Dataset section:
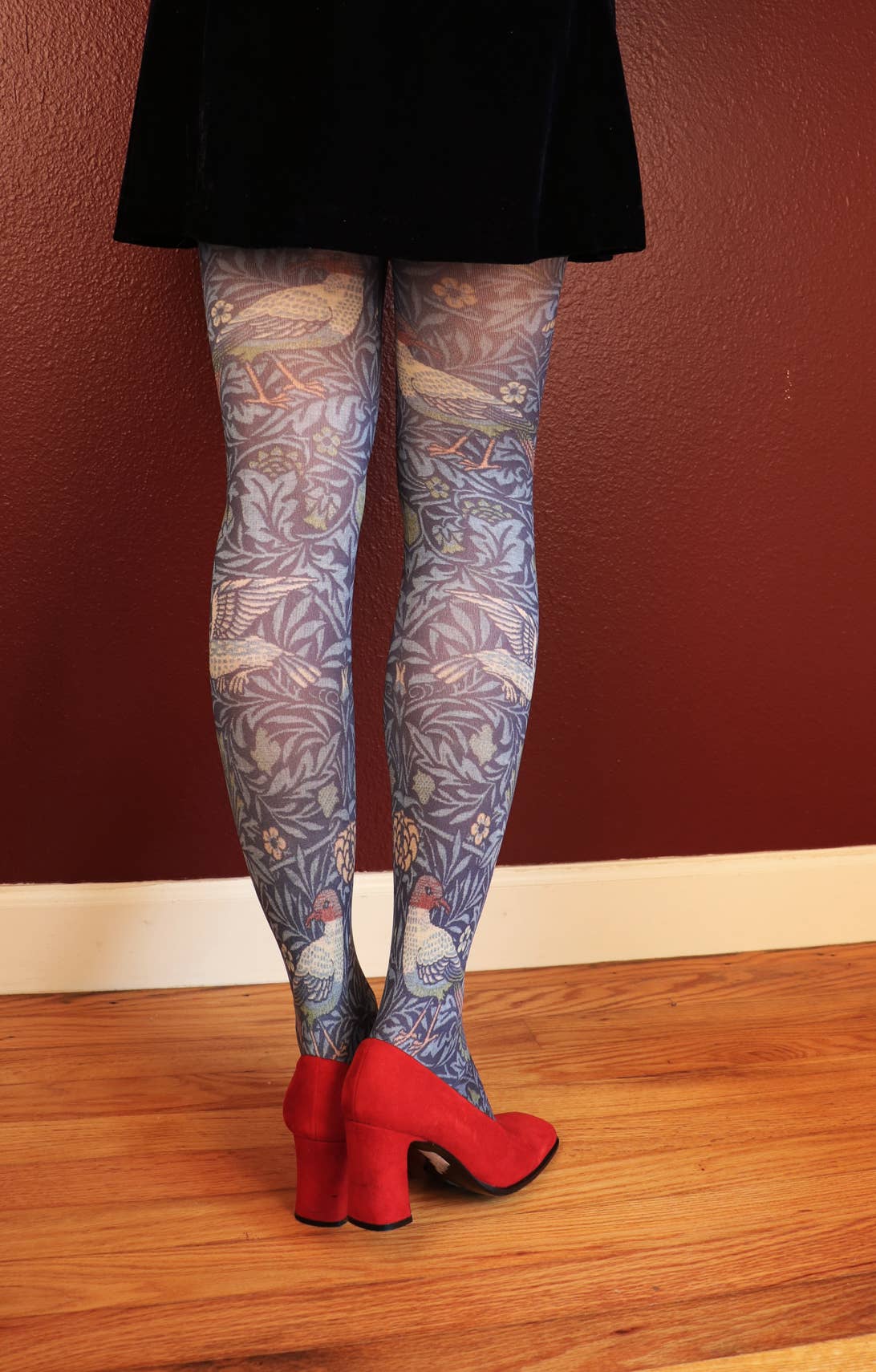 BIRD by WILLIAM MORRIS Printed Art Tights: S-L - La De Da
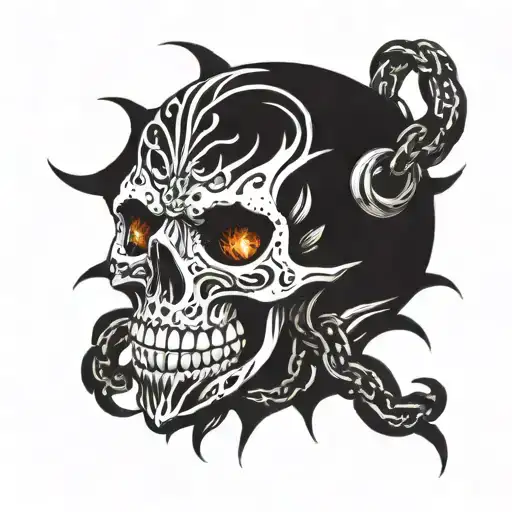 skull and flames with chain   tattoo design idea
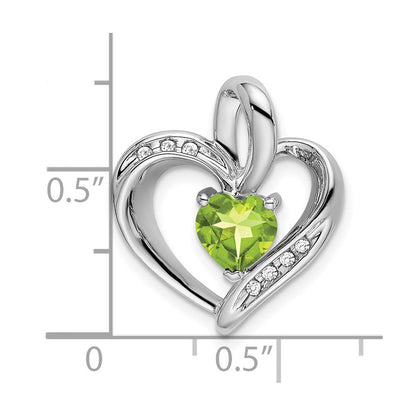 14K Weißgold Herz-Anhänger mit Peridot und echten Diamanten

What the exercise asks: Transcribe the whole listing above exactly and leave out the pictures.

Answer to this task:
 BIRD by WILLIAM MORRIS Printed Art Tights: S-L - La De Da
 skull and flames with chain   tattoo design idea
 14K Weißgold Herz-Anhänger mit Peridot und echten Diamanten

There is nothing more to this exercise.